Los geranios de mi abuela

Hay algo muy satisfactorio en cuidar las plantas, flores o árboles para que perduren en el tiempo

Uno de los pinos talados, con otros secos al fondo.

Uno de los pinos talados, con otros secos al fondo. / Áxel Álvarez

En la entrada de la casa de mis abuelos había una maceta grande y rectangular de marés llena de geranios de color rojo que, para nuestra felicidad, todavía siguen ahí. Esos geranios eran el ojito derecho de mi abuela. Les quitaba las hojas secas, regaba y, por encima de todo, les tenía un cariño evidente. Todas las tardes de todos los veranos sacaba una butaca y se sentaba a leer junto a sus geranios. Cuando ella comenzó a perder la memoria ganó la capacidad para entusiasmarse con muchas pequeñas cosas. Mi abuela, que siempre se iba a dormir pronto, se quedaba a ver las estrellas. Ella, que cuidaba su dieta saludable por encima de todas las cosas, desayunaba encantada leche con galletas y mermelada. Disfrutaba con todo y por todo y, cómo no, estaba orgullosísima de sus geranios. Fue una época breve, pero maravillosa. Porque derrochaba capacidad para ilusionarse por detalles cotidianos. Una sabia. Pero volvamos a las flores.

De pequeña, cuando los mayores jugaban a escondernos regalos, encontré en esa maceta una colección de animales de madera. Mis abuelos ocultaban la llave de casa entre sus ramas para que, al volver de mis marchas adolescentes, no tuviera que despertarles y mis hijos tienen miles de fotos en las que esos geranios aparecen de fondo. A día de hoy continúan igual de lozanos. Hay algo muy satisfactorio en cuidar las plantas, flores o árboles para que perduren en el tiempo.
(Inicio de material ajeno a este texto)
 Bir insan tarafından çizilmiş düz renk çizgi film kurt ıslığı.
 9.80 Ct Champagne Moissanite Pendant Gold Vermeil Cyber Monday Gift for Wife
En una playa cuyo nombre no desvelaré jamás (ningún mallorquín de pura cepa osaría compartir sus lugares secretos) los tamarindos llegan hasta el mar. Uno de ellos es arquitectura perfecta. Tiene una protuberancia en donde dejar las chanclas, una rama para colgar las toallas y su sombra es compacta. Mis amigos de la zona dejan sus cosas allí nada más salir el sol y nadan varias horas antes de volver a casa y dejar paso a los pocos turistas privilegiados. No hay experiencia que supere la sensación de plenitud.

Cada vez que paseamos por la avenida que lleva al acantilado, mi amigo me enseña el árbol con el que se golpeó y se abrió la ceja cuando éramos pequeños. Cada verano, desde hace más de tres décadas, mis amigas y yo cenamos en el mismo pinar y mirando al mar. En mi terraza tengo un pequeño jazmín, que nació a partir de un esqueje de otro que estaba en el jardín de casa de mis tíos y cuando florecen las orquídeas, mi madre y yo nos enviamos fotos para celebrarlo.

Los propietarios del nuevo y reformado Hotel Formentor quieren talar 200 de los pinos que rodean uno de los lugares más icónicos, elegantes y mágicos que ha habido en esta isla. Puede que alguno de esos árboles diera sombra a Grace Kelly o a Winston Churchill. Puede que fuera la inspiración de Miquel Costa i Llobera para escribir Lo pi de Formentor, el poema que todos los estudiantes mallorquines memorizamos en primaria, puede que fuera donde alguien le juró pasión eterna a otro alguien o donde alguien lloró sus penas un atardecer. Talar 200 pinos es un atentado medioambiental y, también, emocional. Deseo que quien tenga la última palabra los ame tanto como amaba mi abuela sus geranios. Sólo así estaremos salvados.